The prevailing regulations for property valuation and rating, established through the Valuation for Rating Act of 1956 and the Rating Act of 1963, have inadvertently resulted in substantial financial losses for counties. These outdated acts have not kept pace with the evolving property landscape, causing counties to miss out on significant revenue streams as property values skyrocket, particularly within urban centers. The surge in demand for land and housing has been met with stagnated rates, exacerbating the financial disparity between counties and central government coffers.
BANKING
Central Bank of Kenya Introduces New Interest Rate Corridor to Support Small Banks and Implement Inflation Targeting
The regulatory landscape of the banking sector in Kenya is undergoing a transformation as the Central Bank of Kenya (CBK) takes a proactive step to address liquidity challenges faced by smaller banks. In a strategic move to ease the burden on these financial institutions, the CBK has established a novel interest rate corridor. This corridor will serve a dual purpose, not only providing relief to smaller banks grappling with liquidity shortfalls but also marking the initiation of the inflation-targeting aspect of the monetary policy operations.
Under the freshly instituted interest rate corridor framework, interbank lending rates are now bound within a range that does not exceed 2.5 percent above the Central Bank Rate (CBR). By setting this limit, the CBK gains enhanced control over the interest rates levied by banks. This calculated maneuver not only ensures more reasonable interest rates for borrowers but also facilitates a smoother translation of decisions made by the Monetary Policy Committee into action.

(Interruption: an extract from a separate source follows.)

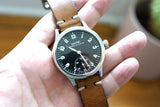 Close-up of a vintage Heuer watch with a black dial and brown leather strap on a wrist.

CBK Governor Kamau Thugge articulated the significance of this transformation, stating, "We believe this framework will be more efficient and effective in implementing monetary policy decisions. For example, if we lower the CBR in the future, then everything else will move lower." This innovation aligns with the notion that interest rates will closely track the CBR, which is regarded as the economy's lowest cost of capital. As the new interest rate corridor takes hold, borrowers can anticipate a decline in interest rates, as the CBK's framework governs the cost of funding for banks.
WHAT YOU MUST HAVE MISSED
Access Bank (Kenya) Plc has received a capital injection of Sh1 billion ($7.5 million) from its parent firm Access Holdings Plc
The funding is expected to supplement the unit’s capital needs and improve the bank’s shareholder funds and capital ratios. The injection is further expected to strategically position the lender to meet its growth targets in the Kenyan market.“As a leading financial institution in the continent, we remain foresighted in our approach to our growth and capitalization needs,” noted Access Holdings Group CEO Herbert Wigwe.
Registrar declines release of IPPs data
The director general of Business Registration Service (BRS) has declined to divulge the personal information of owners of Independent Power Producers (IPPs) publicly citing a breach of the Data Protection Act.
Appearing before the National Assembly Committee of Energy probing the high cost of electricity, Kenneth Gathuma told the lawmakers he can only give the information to the committee for writing its final report but not for discussion in public.
Stanbic Bank Kenya sets 19 percent interest rate on riskiest borrowers
Stanbic Bank Kenya has set 19 percent as the highest interest rate for risky borrowers as the lender begins implementing risk-based pricing after receiving approval from the Central Bank of Kenya (CBK) last December. The bank says clients will be priced up to a premium of five percentage points on its internal benchmark lending rate currently set at 13.12 percent --a moving target based on the prevailing Central Bank Rate.